The Python crawler realizes the example function of grasping the information of JD store and downloading pictures
- 2020-12-07 04:05:48
- OfStack
The example of this paper describes the Python crawler to capture the information of JINGdong store and download pictures. To share for your reference, the details are as follows:
This is grabbing the information
from bs4 import BeautifulSoup
import requests
url = 'https://list.tmall.com/search_product.htm?q=%CB%AE%BA%F8+%C9%D5%CB%AE&type=p&vmarket=&spm=875.7931836%2FA.a2227oh.d100&from=mallfp..pc_1_searchbutton'
response = requests.get(url) # Parse web pages
soup = BeautifulSoup(response.text,'lxml') #.text Will parse to the web page readable
storenames = soup.select('#J_ItemList > div > div > p.productTitle > a') # Select the store information
prices = soup.select('#J_ItemList > div > div > p.productPrice > em') # Select the price information
sales = soup.select('#J_ItemList > div > div > p.productStatus > span > em') # Select the sales information
for storename, price, sale in zip(storenames,prices,sales):
storename = storename.get_text().strip() # with get_text() Method to filter the text information in the tag, because the filter result has a newline character \n So use strip() Remove the newline character
price = price.get_text()
sale = sale.get_text()
print(' The shop name :%-40s The price :%-40s sales :%s'%(storename,price,sale)) # Specification of printed information
print('----------------------------------------------------------------------------------------------')

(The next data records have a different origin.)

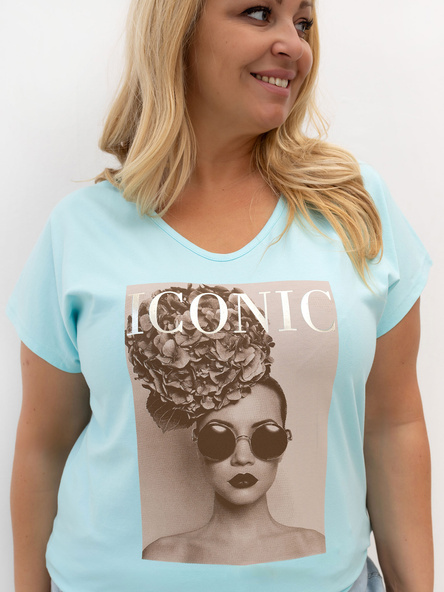 Miętowy damski t-shirt plus size z napisem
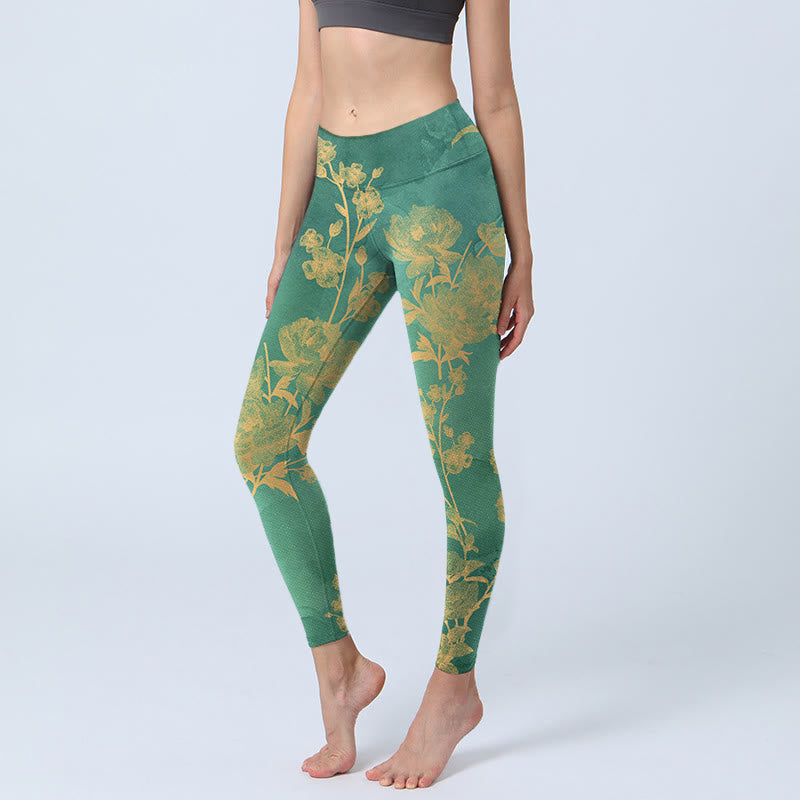 Leggings da palestra con stampa di Buddha Stones su sfondo verde, rami dorati e fiori di peonia, pantaloni da yoga da donna - Verdemare medio - US18, UK/AU22, EU50 (4XL) - image 1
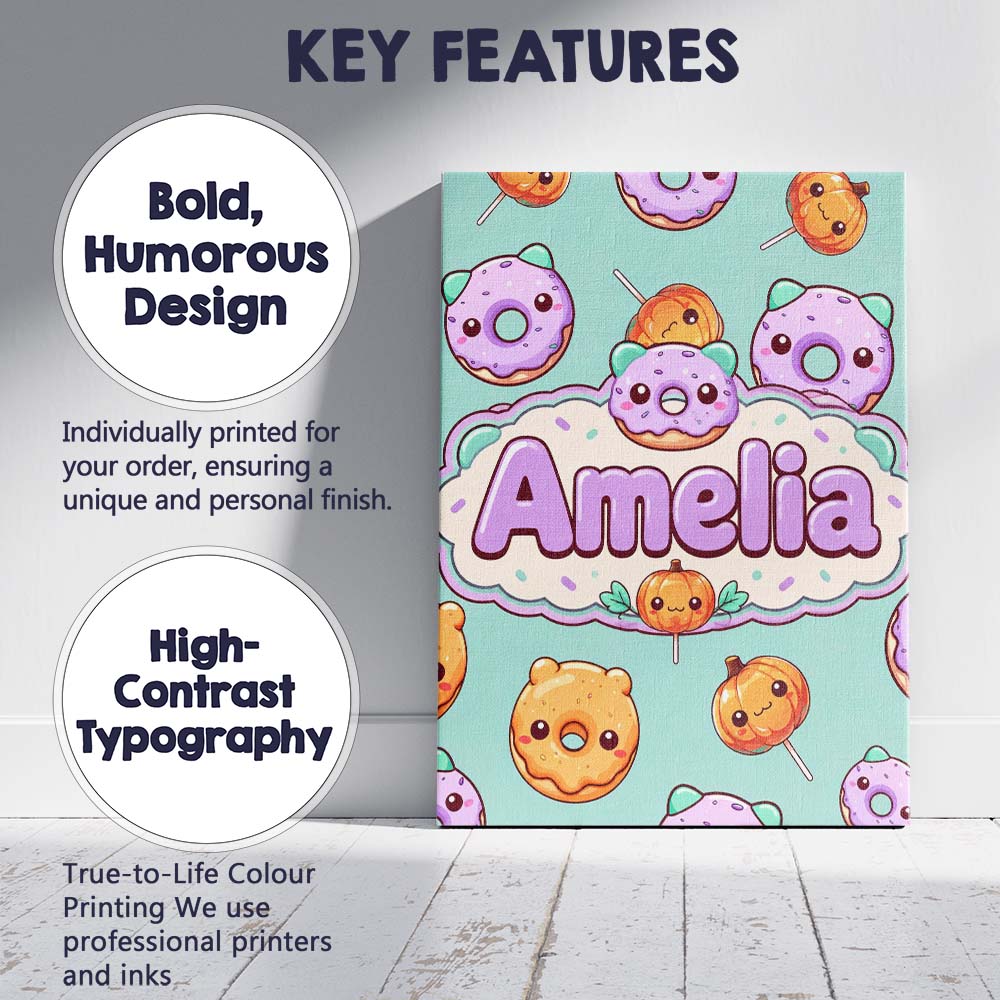 Personalised Name Cute Halloween Donuts Custom Modern Room Accent Elegant Feature Canvas Wall Art Print Decor Picture Ready to Hang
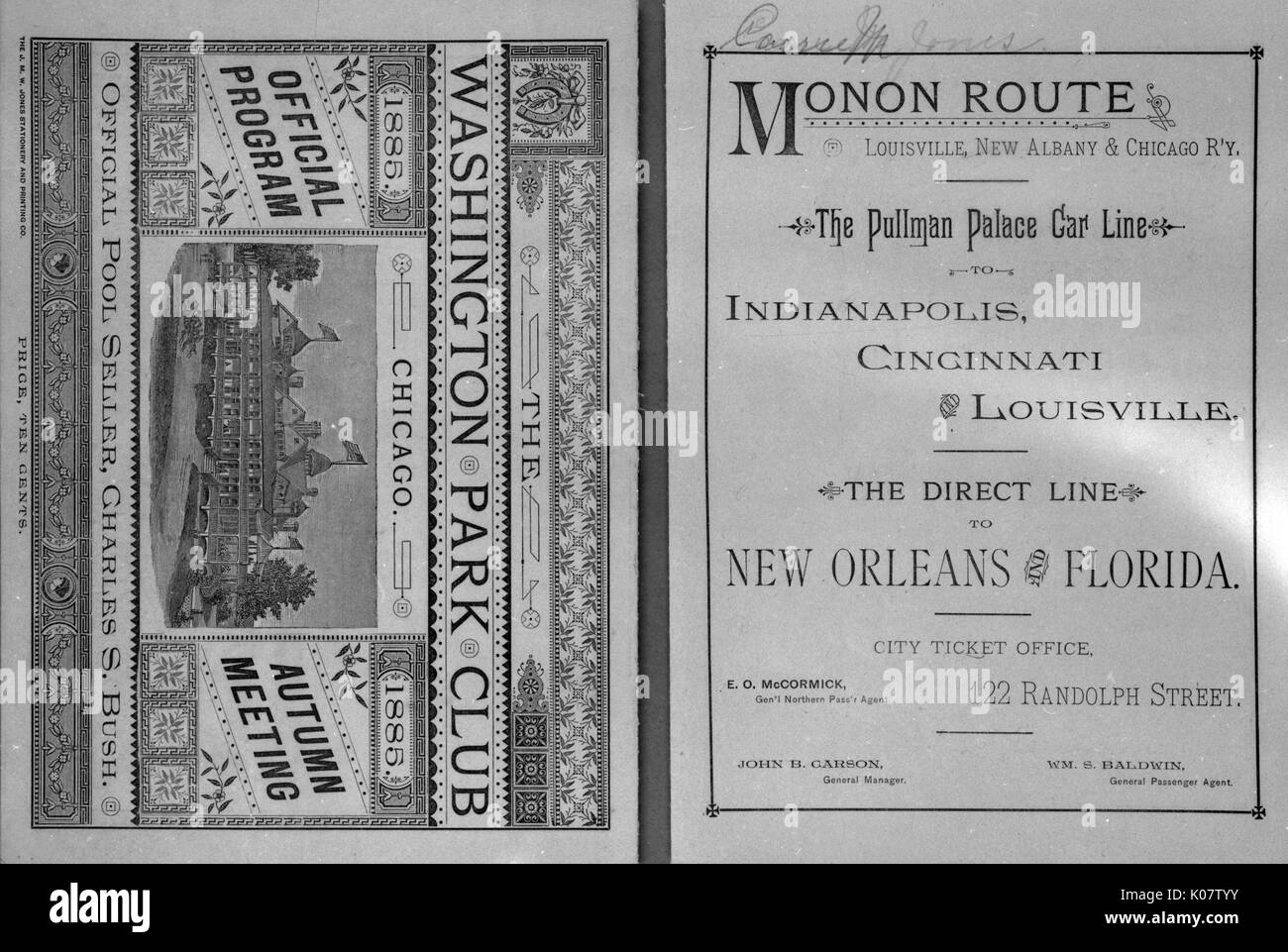 Leaflet cover design with horseracing scene, Washington Park Club, Chicago, Official Program, Autumn Meeting, 1885.  With a facing page advertising the Pullman Palace Car Route, the Monon Line of the Louisville, New Albany and Chicago Railway.      Date: 1885 Stock Photo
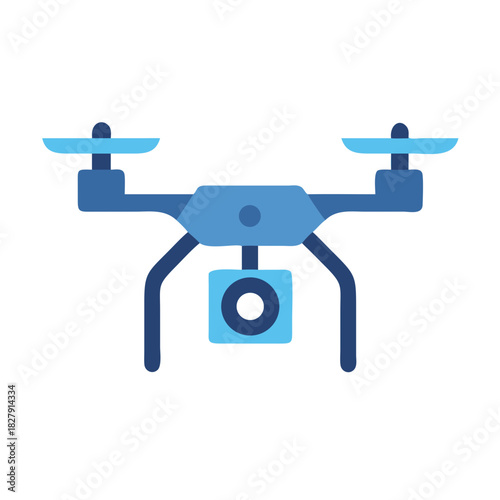 Isolated blue drone icon on black background illustration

This is for downloading pictures
from bs4 import BeautifulSoup
import requests
import urllib.request
url = 'https://list.tmall.com/search_product.htm?q=%CB%AE%BA%F8+%C9%D5%CB%AE&type=p&vmarket=&spm=875.7931836%2FA.a2227oh.d100&from=mallfp..pc_1_searchbutton'
response = requests.get(url)
soup = BeautifulSoup(response.text, 'lxml')
imgs = soup.select('#J_ItemList > div > div > div.productImg-wrap > a > img')
a = 1
for i in imgs:
if(i.get('src')==None):
break
img = 'http:'+i.get('src') # It's been a long time since the original site had to be there http The:
#print(img)
urllib.request.urlretrieve(img,'%s.jpg'%a, None,)
a = a+1
ps:
1. Use css when selecting information
2. Use
get_text()
Method To filter the text information in the tag
3.
strip
.
lstrip
.
rstrip
Usage:
In the Python
strip
The first and last characters used to remove strings; In the same way,
lstrip
Used to remove characters on the left;
rstrip
Used to remove characters on the right.
Each of the three functions can pass in an argument that specifies the first and last characters to be removed.
It should be noted that what is passed in is a 1-character array, and the compiler removes all corresponding characters on both ends until there are no matching characters, such as:
theString = 'saaaay yes no yaaaass'
print theString.strip('say')
theString in turn is removed head and tail at
['s','a','y']
Characters in an array until the characters are not in an array. Therefore, the output result is:
yes no
]
It's a little bit easier,
lstrip
and
rstrip
The principle is one.
Note: When no parameters are passed in, the first and last Spaces and newline characters are removed by default.
theString = 'saaaay yes no yaaaass'
print theString.strip('say')
print theString.strip('say ') #say There's a space after that
print theString.lstrip('say')
print theString.rstrip('say')
Operation results:
[
yes no
es no
yes no yaaaass
saaaay yes no
More about Python related content to view this site project: the Python Socket programming skills summary ", "Python regular expression usage summary", "Python data structure and algorithm tutorial", "Python function using techniques", "Python string skills summary", "Python introduction and advanced tutorial" and "Python file and directory skills summary"
I hope this article has been helpful for Python programming.